━━━━━ MATERIAL PROVIDED ━━━━━
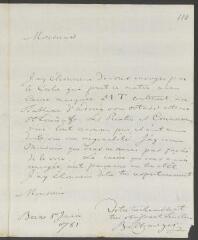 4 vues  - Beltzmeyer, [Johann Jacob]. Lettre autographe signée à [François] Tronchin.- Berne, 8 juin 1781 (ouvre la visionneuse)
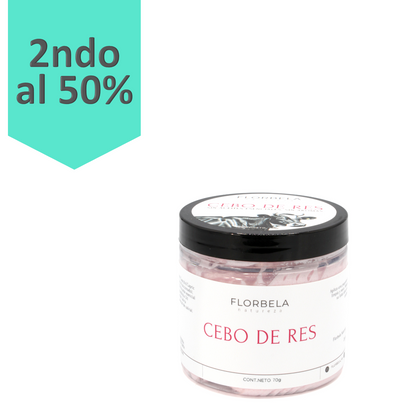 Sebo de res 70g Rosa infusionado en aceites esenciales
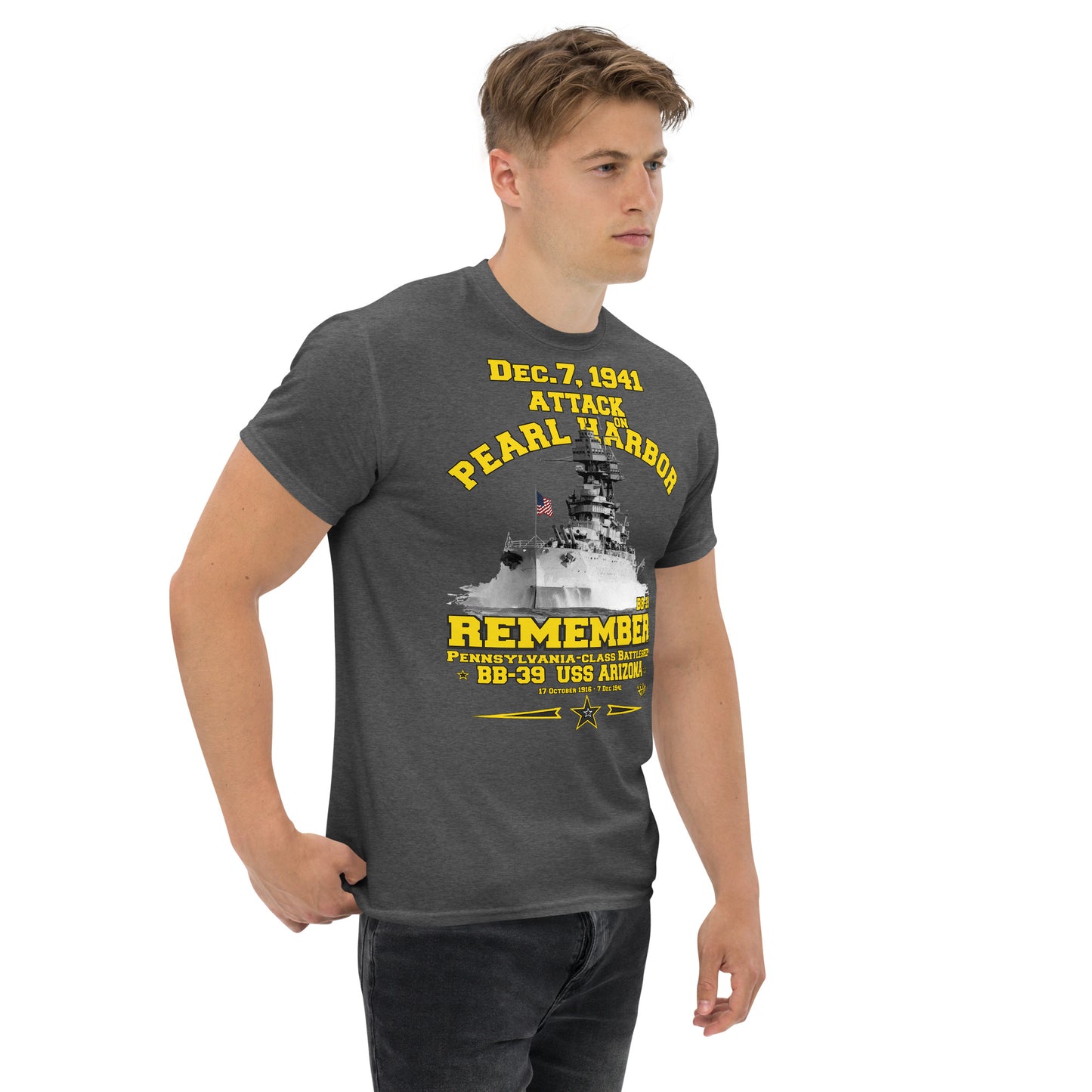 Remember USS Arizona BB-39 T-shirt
━━━━━
━━━━━ MATERIAL PROVIDED ━━━━━
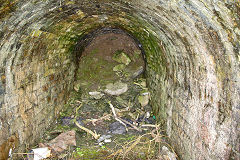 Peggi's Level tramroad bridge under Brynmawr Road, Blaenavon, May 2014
━━━━━
ABOUT THIS TASK | Return only the part above that opens with the line containing "(ouvre la visionneuse)" and closes with the line containing "Remember USS Arizona BB-39 T-shirt", exactly and with both ends, skipping the pictures.

THE COMPLETED TASK |
 4 vues  - Beltzmeyer, [Johann Jacob]. Lettre autographe signée à [François] Tronchin.- Berne, 8 juin 1781 (ouvre la visionneuse)
 Sebo de res 70g Rosa infusionado en aceites esenciales
 Remember USS Arizona BB-39 T-shirt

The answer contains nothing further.